Instructions to follow
An identical copy of all the records is what the answer must contain.

Brief descriptive captions
:::
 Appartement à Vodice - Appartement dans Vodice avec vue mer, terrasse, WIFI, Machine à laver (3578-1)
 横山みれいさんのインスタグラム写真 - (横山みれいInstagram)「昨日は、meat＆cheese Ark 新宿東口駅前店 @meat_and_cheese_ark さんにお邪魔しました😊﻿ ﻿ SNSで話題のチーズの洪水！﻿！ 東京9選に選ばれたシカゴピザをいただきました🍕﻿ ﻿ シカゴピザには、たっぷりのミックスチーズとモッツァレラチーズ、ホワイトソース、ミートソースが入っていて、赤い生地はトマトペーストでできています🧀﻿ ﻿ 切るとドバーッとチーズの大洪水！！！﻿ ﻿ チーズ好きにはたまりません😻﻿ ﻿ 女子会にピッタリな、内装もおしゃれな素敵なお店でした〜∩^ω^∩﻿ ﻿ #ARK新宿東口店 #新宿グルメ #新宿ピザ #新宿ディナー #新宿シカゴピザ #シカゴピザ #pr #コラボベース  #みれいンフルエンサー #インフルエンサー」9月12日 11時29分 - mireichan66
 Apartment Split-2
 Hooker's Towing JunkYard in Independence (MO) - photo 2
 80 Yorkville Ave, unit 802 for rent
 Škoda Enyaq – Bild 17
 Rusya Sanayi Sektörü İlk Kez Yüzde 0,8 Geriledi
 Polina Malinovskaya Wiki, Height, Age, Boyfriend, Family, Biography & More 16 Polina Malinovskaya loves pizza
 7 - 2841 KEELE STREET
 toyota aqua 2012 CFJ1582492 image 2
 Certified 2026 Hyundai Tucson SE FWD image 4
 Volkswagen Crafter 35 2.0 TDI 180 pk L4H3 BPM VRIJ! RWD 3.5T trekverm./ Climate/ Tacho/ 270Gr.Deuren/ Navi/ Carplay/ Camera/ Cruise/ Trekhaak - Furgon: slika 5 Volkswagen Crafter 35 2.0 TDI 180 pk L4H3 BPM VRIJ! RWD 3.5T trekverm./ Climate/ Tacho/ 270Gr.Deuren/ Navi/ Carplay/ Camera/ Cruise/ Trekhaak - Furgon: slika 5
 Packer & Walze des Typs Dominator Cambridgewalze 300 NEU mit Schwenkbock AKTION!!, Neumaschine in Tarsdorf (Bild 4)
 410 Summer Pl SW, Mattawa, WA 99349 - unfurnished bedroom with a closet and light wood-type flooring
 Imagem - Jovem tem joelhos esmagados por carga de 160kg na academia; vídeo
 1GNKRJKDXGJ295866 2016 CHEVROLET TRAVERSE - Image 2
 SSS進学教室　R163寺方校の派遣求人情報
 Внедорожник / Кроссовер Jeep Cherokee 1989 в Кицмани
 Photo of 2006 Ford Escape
:::
Result of the task
 Appartement à Vodice - Appartement dans Vodice avec vue mer, terrasse, WIFI, Machine à laver (3578-1)
 横山みれいさんのインスタグラム写真 - (横山みれいInstagram)「昨日は、meat＆cheese Ark 新宿東口駅前店 @meat_and_cheese_ark さんにお邪魔しました😊﻿ ﻿ SNSで話題のチーズの洪水！﻿！ 東京9選に選ばれたシカゴピザをいただきました🍕﻿ ﻿ シカゴピザには、たっぷりのミックスチーズとモッツァレラチーズ、ホワイトソース、ミートソースが入っていて、赤い生地はトマトペーストでできています🧀﻿ ﻿ 切るとドバーッとチーズの大洪水！！！﻿ ﻿ チーズ好きにはたまりません😻﻿ ﻿ 女子会にピッタリな、内装もおしゃれな素敵なお店でした〜∩^ω^∩﻿ ﻿ #ARK新宿東口店 #新宿グルメ #新宿ピザ #新宿ディナー #新宿シカゴピザ #シカゴピザ #pr #コラボベース  #みれいンフルエンサー #インフルエンサー」9月12日 11時29分 - mireichan66
 Apartment Split-2
 Hooker's Towing JunkYard in Independence (MO) - photo 2
 80 Yorkville Ave, unit 802 for rent
 Škoda Enyaq – Bild 17
 Rusya Sanayi Sektörü İlk Kez Yüzde 0,8 Geriledi
 Polina Malinovskaya Wiki, Height, Age, Boyfriend, Family, Biography & More 16 Polina Malinovskaya loves pizza
 7 - 2841 KEELE STREET
 toyota aqua 2012 CFJ1582492 image 2
 Certified 2026 Hyundai Tucson SE FWD image 4
 Volkswagen Crafter 35 2.0 TDI 180 pk L4H3 BPM VRIJ! RWD 3.5T trekverm./ Climate/ Tacho/ 270Gr.Deuren/ Navi/ Carplay/ Camera/ Cruise/ Trekhaak - Furgon: slika 5 Volkswagen Crafter 35 2.0 TDI 180 pk L4H3 BPM VRIJ! RWD 3.5T trekverm./ Climate/ Tacho/ 270Gr.Deuren/ Navi/ Carplay/ Camera/ Cruise/ Trekhaak - Furgon: slika 5
 Packer & Walze des Typs Dominator Cambridgewalze 300 NEU mit Schwenkbock AKTION!!, Neumaschine in Tarsdorf (Bild 4)
 410 Summer Pl SW, Mattawa, WA 99349 - unfurnished bedroom with a closet and light wood-type flooring
 Imagem - Jovem tem joelhos esmagados por carga de 160kg na academia; vídeo
 1GNKRJKDXGJ295866 2016 CHEVROLET TRAVERSE - Image 2
 SSS進学教室　R163寺方校の派遣求人情報
 Внедорожник / Кроссовер Jeep Cherokee 1989 в Кицмани
 Photo of 2006 Ford Escape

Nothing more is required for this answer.